One year ago, we ran a little story that was a bit of an experiment. It was the first thing we published on AntiochTenn.com and it was never really intended for reading. Primarily, it was to experiment with the new platform and make sure everything was in working order. Celebrating a year, we thought we’d republish this very simple story.
History runs deep in Antioch
One primary site is Cane Ridge Cumberland Presbyterian Church, which was admitted to the National Register of Historic Places on Dec. 12, 1976. The church is located on Old Hickory Boulevard in Cane Ridge.
The current church was built in 1859 on property donated in 1826 by Edwin Austin and Thomas Boaz. Prior to the church, a log cabin existed on the property, but was replaced when the church was constructed.
The adjacent cemetery has a number of old graves in it alongside more recent burials. Among them is Isaac Johnson (April 14, 1761 – June 18, 1839). He fought in the American Revolution as a member of the North Carolina Militia. In 1800, he moved to Davidson County (at least one conflicting report says Wilson County) and was appointed a Captain in the Cumberland College Regiment of the Tennessee Militia by Governor John Sevier in May, 1810.
The historic marker indicates that one of the best known preachers at the church may have been Hugh Bone Hill (1801-1866), a popular Cumberland Presbyterian minister working in middle Tennessee, primarily Wilson County, during the mid 1800s.
The Hays-Kiser House, 834 Reeves Road, was added to the National Register of Historic Places in 1974 and is now maintained by the U.S. National Park Service.
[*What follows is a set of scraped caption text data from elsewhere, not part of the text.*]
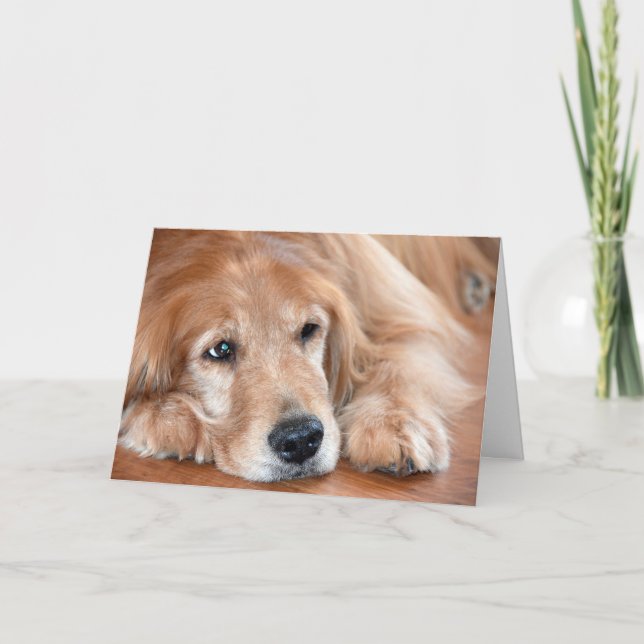 Denken Sie an Ihren Golden Retriever Karte (Vorderseite)
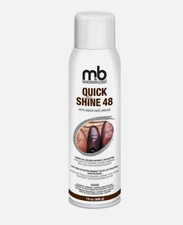 Moneysworth & Best Quick Shine 48 Shoe Boot Spray With Lanolin 14 oz (400 g)
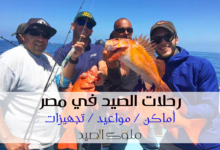 رحلات صيد سمك في مصر
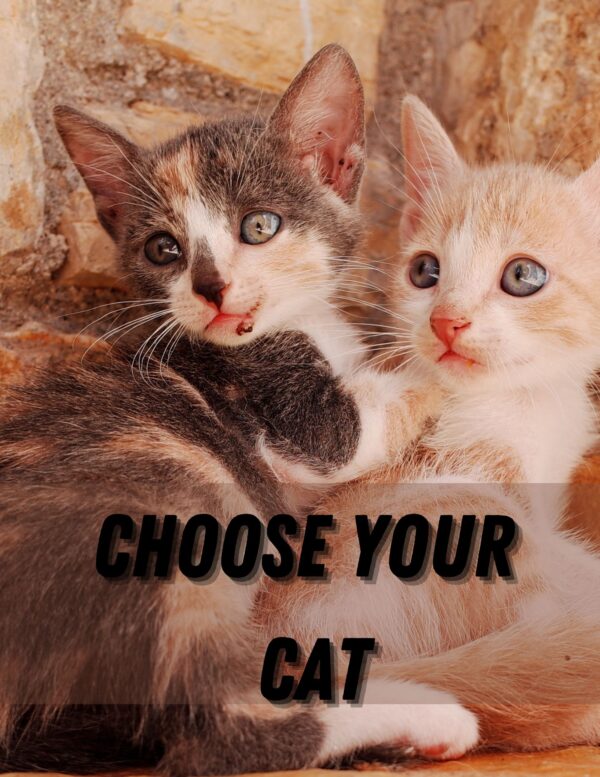 Choose Your Cat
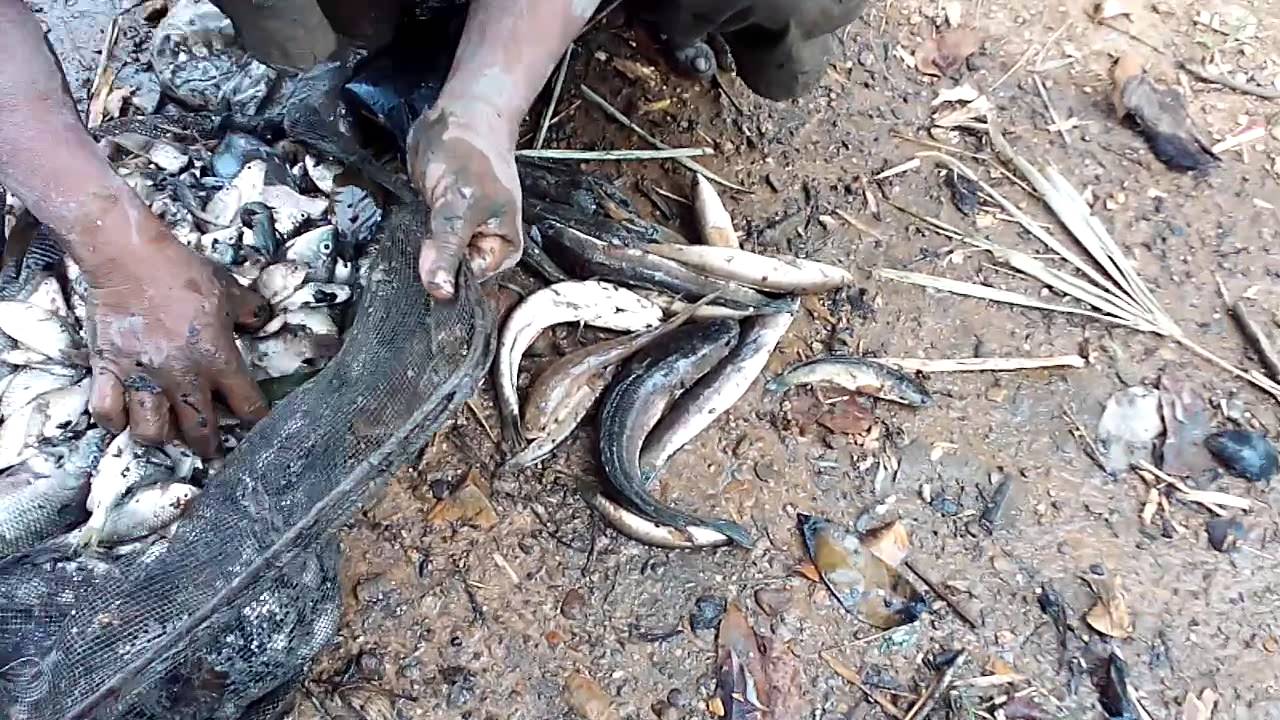 ikan-mabok-youtube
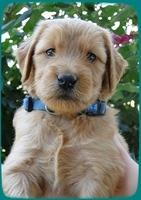 KT pups 5 wks old 22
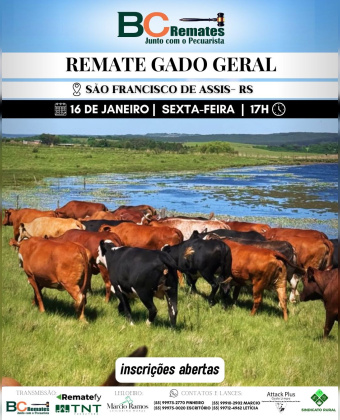 Remate Gado Geral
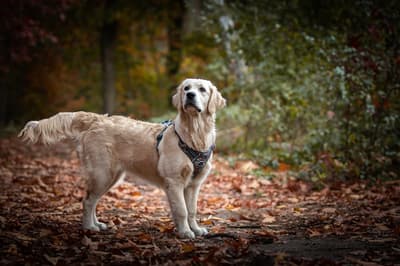 Indy - @goldandsweetindy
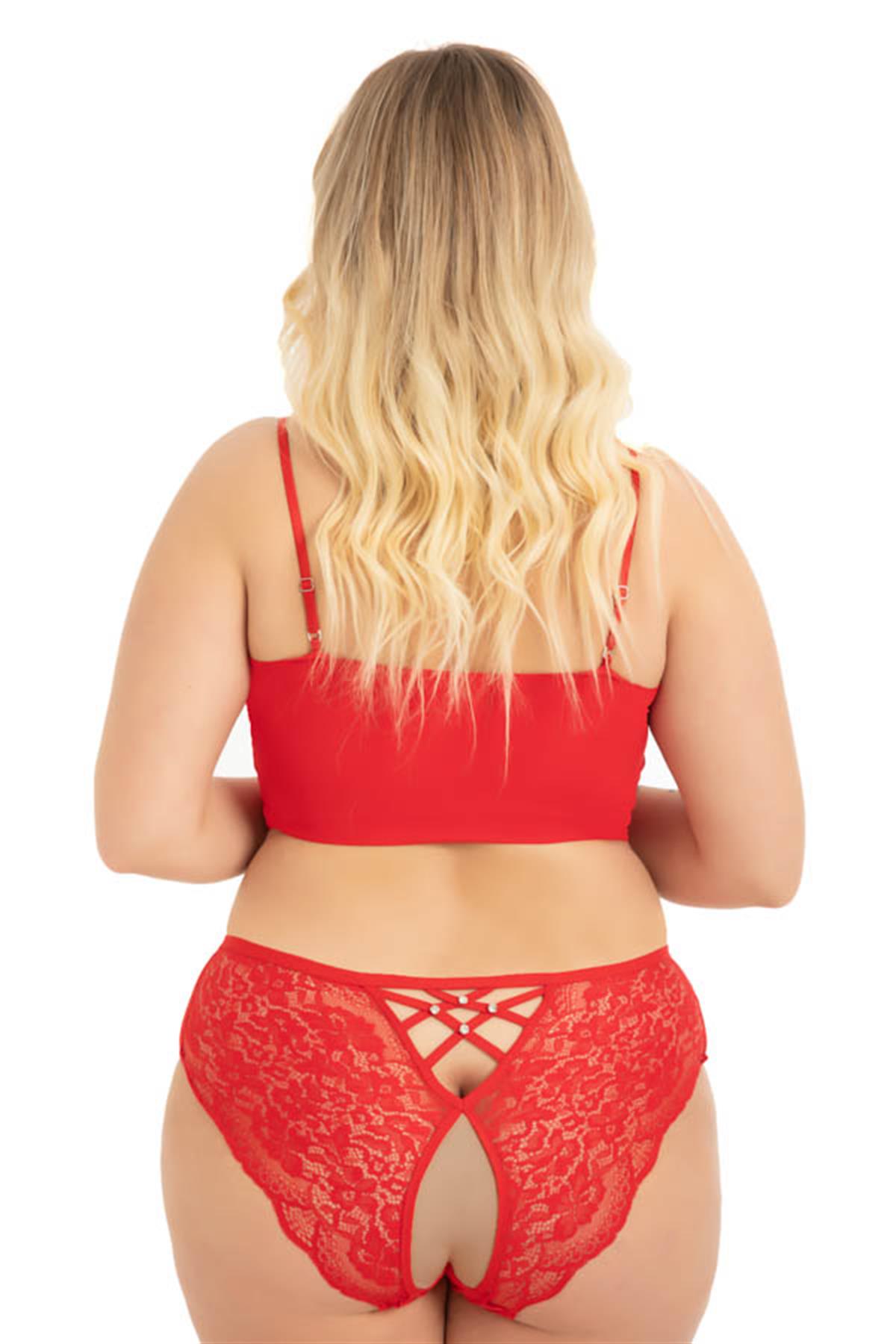 Transparan Tüllü Dantel ve Taş Detaylı Özel Bölgesi Açık Büyük Beden Kadın Tanga Külot 3lü Paket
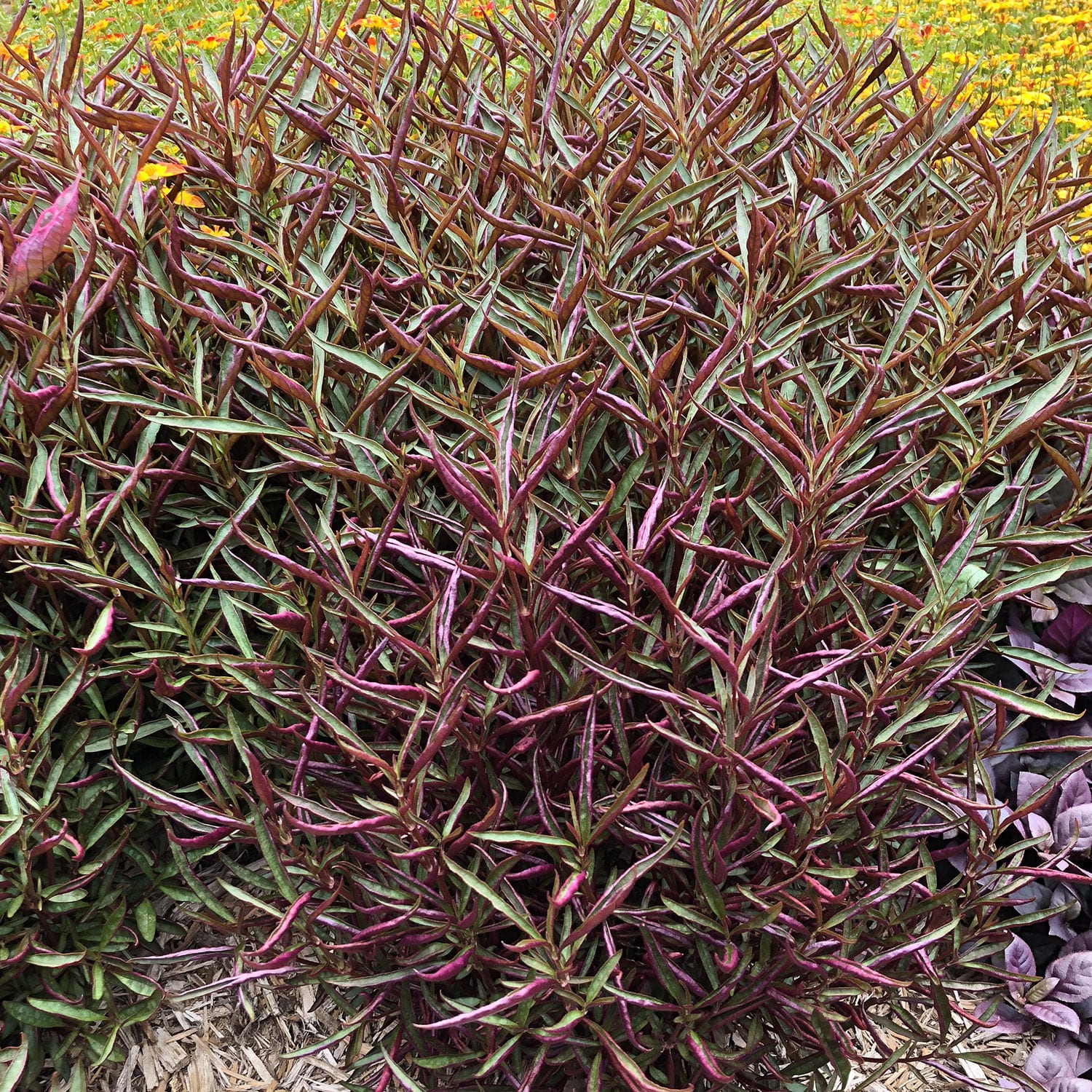 Alternanthera, Calico Plant, Josephs Coat, Parrot Leaf New Burgundy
The home was originally constructed in 1795 by Charles Hays, who lived in the house from 1795 until his death in 1854.
Hays was a wealthy farmer who donated land to build a school in Antioch, as well as to build Baptist Church of Antioch, which he founded.
According to the form nominating the house to the National Register for Historic Places, the Hays-Kiser House is one of the last remaining 18th century homes in Tennessee.
“It is unusually sophisticated for a frontier house, bearing close resemblance in detail to East Coast houses of the period,” the nomination form states.
It also said the chief significance of the house is the “fine interior mill work.” It notes the mantels and chair rails, which were carved in the “punch, gouge, and drill” technique commonly seen in Pennsylvania and North Carolina in the late 1700s. Also of note is the original paint, which simulates marble and mahogany, is preserved in the end wall on the second floor.